Data extract.
-------------------------

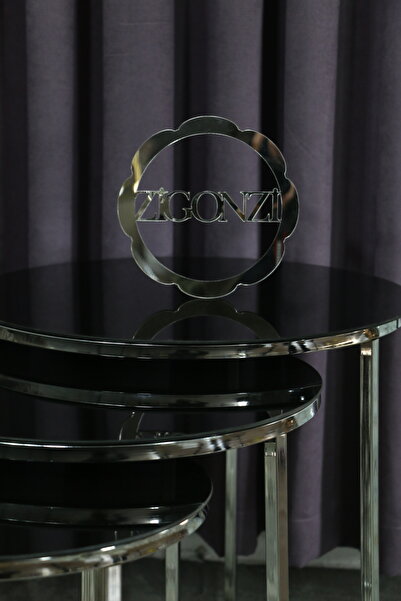Zigonzi Siyah Camlı Gümüş Metal, Üçlü Zigon Sehpa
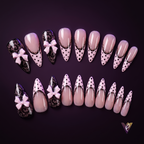 Pink Lace Polka Dot Almond Press-On Nails with Bowknot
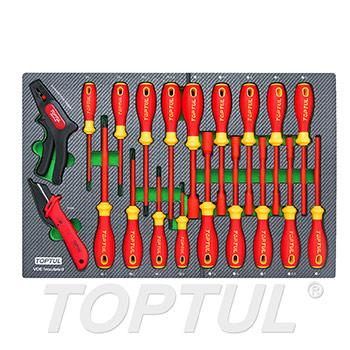 20PCS VDE Insulated Hex Nutspinner, Screwdriver, Knife & Stripper Set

-------------------------

Aim of the task. Copy the material above in full and exactly, skipping pictures.

Answer section.
Zigonzi Siyah Camlı Gümüş Metal, Üçlü Zigon Sehpa
 Pink Lace Polka Dot Almond Press-On Nails with Bowknot
 20PCS VDE Insulated Hex Nutspinner, Screwdriver, Knife & Stripper Set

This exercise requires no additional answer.